** Opening Task data block **

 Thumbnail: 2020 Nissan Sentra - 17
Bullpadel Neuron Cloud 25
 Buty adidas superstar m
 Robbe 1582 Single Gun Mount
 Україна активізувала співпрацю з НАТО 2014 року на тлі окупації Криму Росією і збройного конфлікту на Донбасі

** Closing Task data block **
** Opening Task data block **

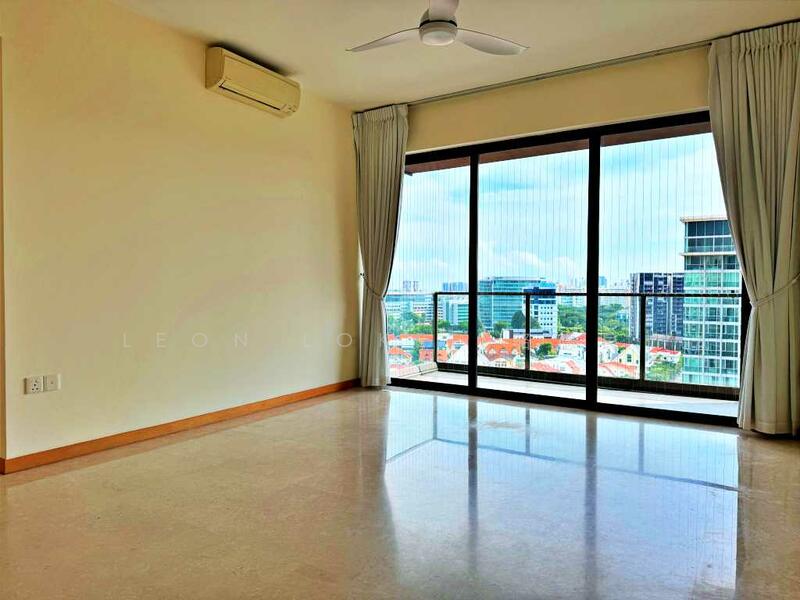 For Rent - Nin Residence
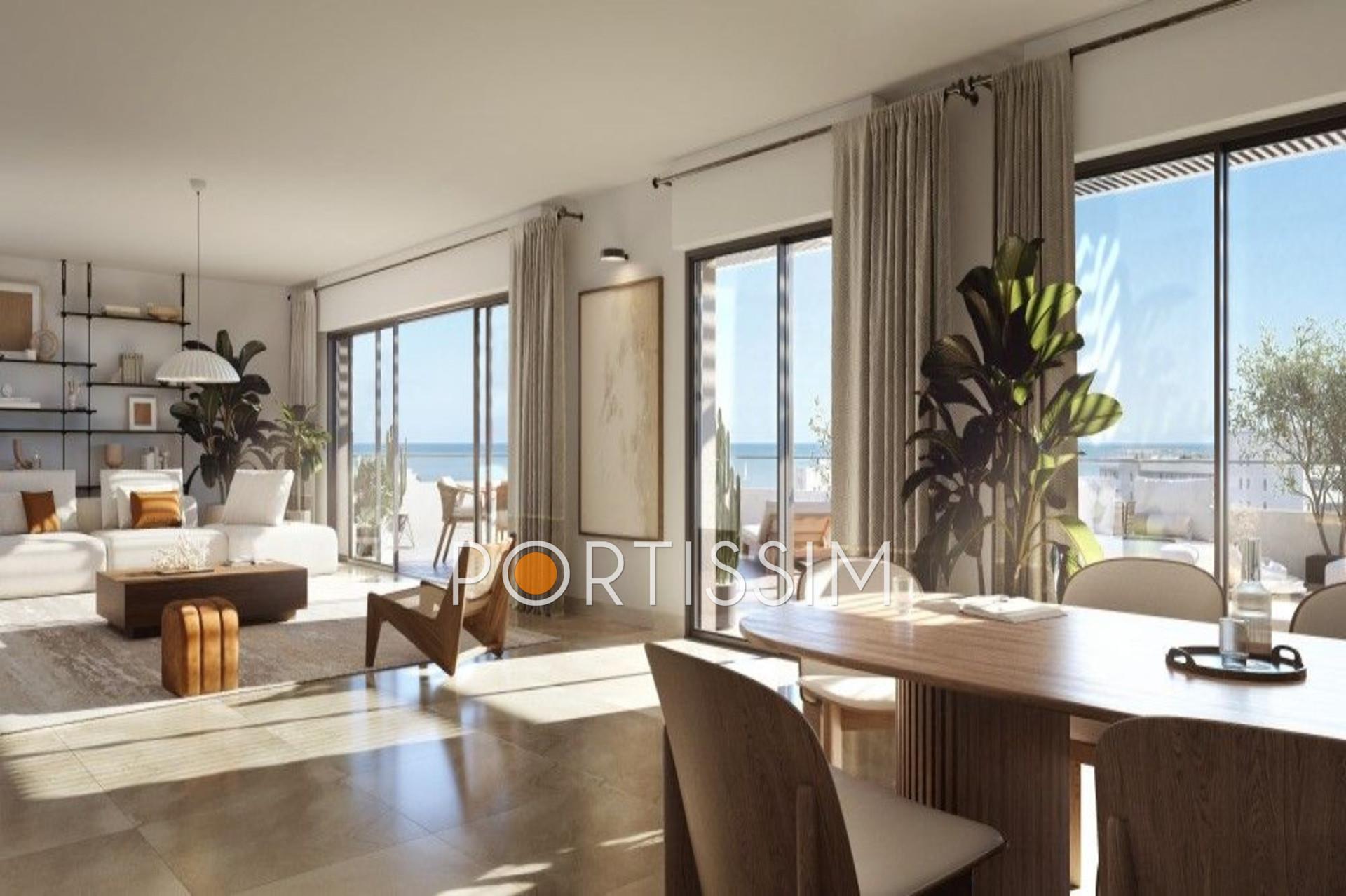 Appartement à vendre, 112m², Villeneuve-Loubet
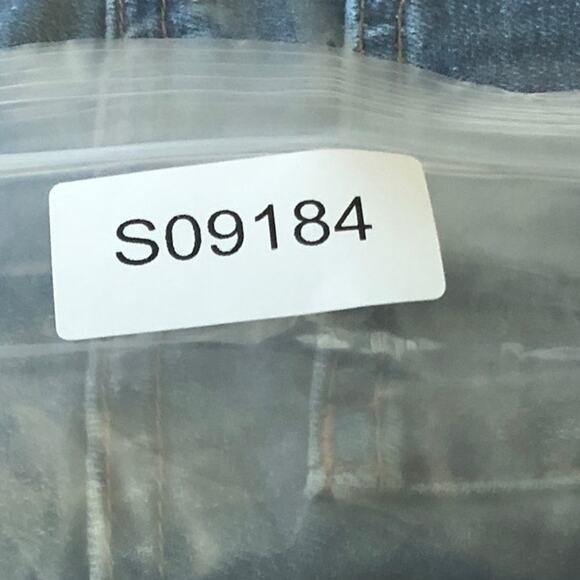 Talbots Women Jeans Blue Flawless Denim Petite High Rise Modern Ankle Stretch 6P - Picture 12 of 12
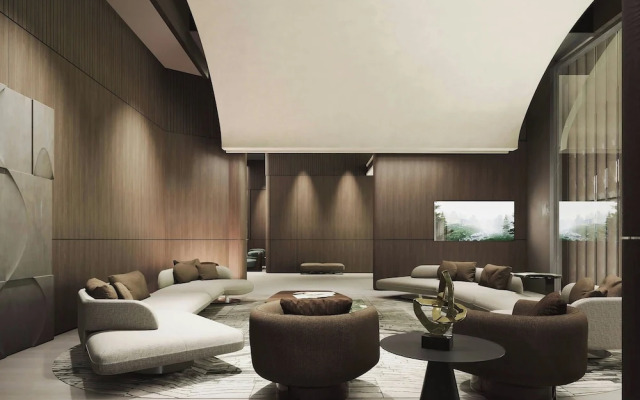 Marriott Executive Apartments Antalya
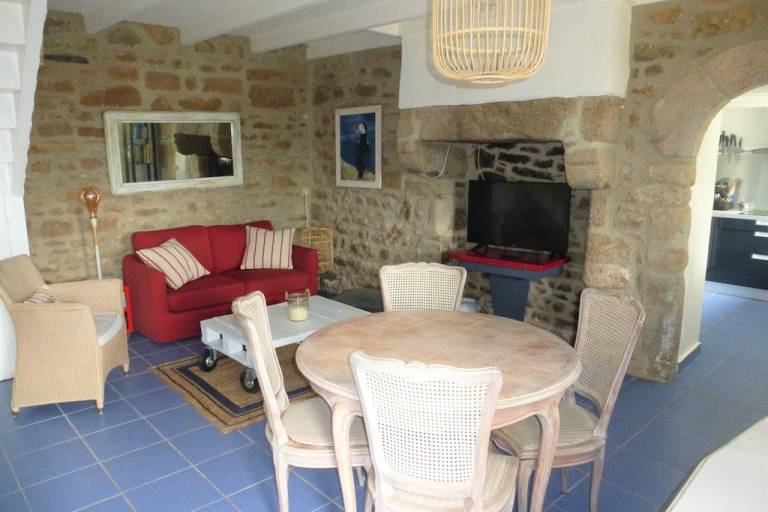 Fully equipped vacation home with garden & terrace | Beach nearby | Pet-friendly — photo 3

** Closing Task data block **

_Prompt_. All lines above starting at the one with "Talbots Women Jeans" and ending at the one with "Fully equipped vacation", inclusive, are to be printed again exactly, with the pictures left out.

_Result of the exercise_.
 Talbots Women Jeans Blue Flawless Denim Petite High Rise Modern Ankle Stretch 6P - Picture 12 of 12
 Marriott Executive Apartments Antalya
 Fully equipped vacation home with garden & terrace | Beach nearby | Pet-friendly — photo 3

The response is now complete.